Se houver uma vida extracorpórea, Marx deve estar regozijando-se ao constatar o acerto de suas previsões, feitas há 158 anos. Mas, talvez ele não possa ter tal prazer materializado, segundo seus próprios convencimentos.
Quem diria que, 67 anos após a tomada do poder pelos comunistas liderados por Mao Tsé-Tung – tornando-se não só o país comunista mais populoso do mundo, como também uma pretensa antítese do modelo capitalista –, a China se metamorfosearia no maior exportador de mercadorias e uma das mais poderosas economias capitalistas do planeta?! E que, no século XXI, estaria solapando o capitalismo, ao invés de derrubá-lo pela via armada (por meio da qual o próprio Mao conquistou o poder)?
O modelo marxista-leninista chinês se transformou no seu aparente oposto comunista, ou seja, num país capitalista que faz estragos no capitalismo ao adotar a lógica capitalista mais exacerbada, com mão-de-obra de baixa remuneração e uso de alta tecnologia. A China, assim como os outros países que fizeram a revolução comunista e implantaram o modelo estatizante de propriedade dos meios de produção, não abandou a primeira condição capitalista (que é a produção de mercadorias) e, como consequência, as demais categorias do universo da forma-valor; todos tiveram de, posteriormente, franquear a sua economia à produção privada.
Costuma-se acreditar que mercadoria seja sinônimo de objeto; então, um objeto qualquer, capaz de satisfazer necessidades humanas (uma roupa, um alimento, uma casa, etc.), é considerado, natural mas equivocadamente, uma mercadoria.
Um objeto qualquer, com capacidade de uso, é apenas um objeto. Mas, quando esse mesmo objeto é passível de uma mensuração numérica na troca por outro objeto, em moeda ou no simples escambo, aí ao valor de uso vem acrescentar-se um valor de troca, quantificação puramente abstrata. Passa, então, a ser uma mercadoria, tornando-se uma riqueza abstrata.
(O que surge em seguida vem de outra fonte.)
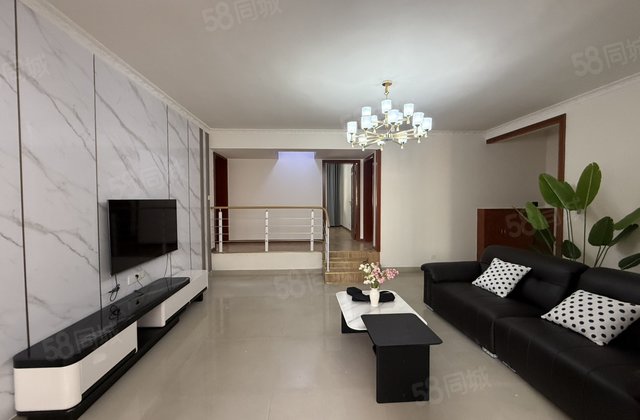 临江二区3室2厅140㎡29.8万二手房图片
A exemplo dos demais países ditos comunistas, a China optou por preservar, como relação social fundamental, a produção de mercadorias, na qual se explora a mais-valia do trabalhador (que pode se operar pelo estado ou pelo empresário privado), única fonte de existência e reprodução possível do valor.
Passou inicialmente a ser apenas um modelo capitalista politicamente fechado em suas fronteiras ante o comércio internacional, como forma de proteção contra a concorrência de países industrialmente desenvolvidos. Mudou-se a forma política de administração estatal do capital, mas o capitalismo em si continuou existindo.
A China comunista marxista-leninista era capitalista na essência e, ao abrir-se para o mercado internacional quando atingiu níveis de competitividade mercadológica, tornou-se um híbrido de economia liberal de mercado e modelo político fechado, regido por um partido comunista de cúpula. Nesse sentido a China sempre foi capitalista.
Será que o camarada Mao sabia disto?
Alguns países do 3º mundo estão passando por um período de relativa expansão econômica, com a China e Índia à frente. Ambos concentram quase 40% da população mundial, pois totalizam cerca de 2,5 bilhões de habitantes. Têm renda per capita baixa e oferecem mão-de-obra barata, adicionada à alta tecnologia que lhes é introduzida pelos produtores de mercadorias privados e estatais que se instalam no seu interior, favorecidos com subsídios fiscais.
Na economia globalizada, convém aos grandes produtores industriais abandonarem seus países de origem para produzir no 3º mundo. Esta é uma consequência lógica e inevitável da concorrência de mercado, pois o baixo valor do trabalho abstrato, aliado ao sofisticado uso da tecnologia, é fator decisivo na luta para superar os competidores.
Entretanto, o crescimento do PIB chinês de 6,9% no ano de 2015, em contraposição ao PIB global em patamares bem menores, antes de significar uma expansão capitalista, é justamente o seu contrário, pois provoca decréscimo da massa global de produção de valor e da massa global de extração de mais-valia, causando um terremoto nas finanças mundiais.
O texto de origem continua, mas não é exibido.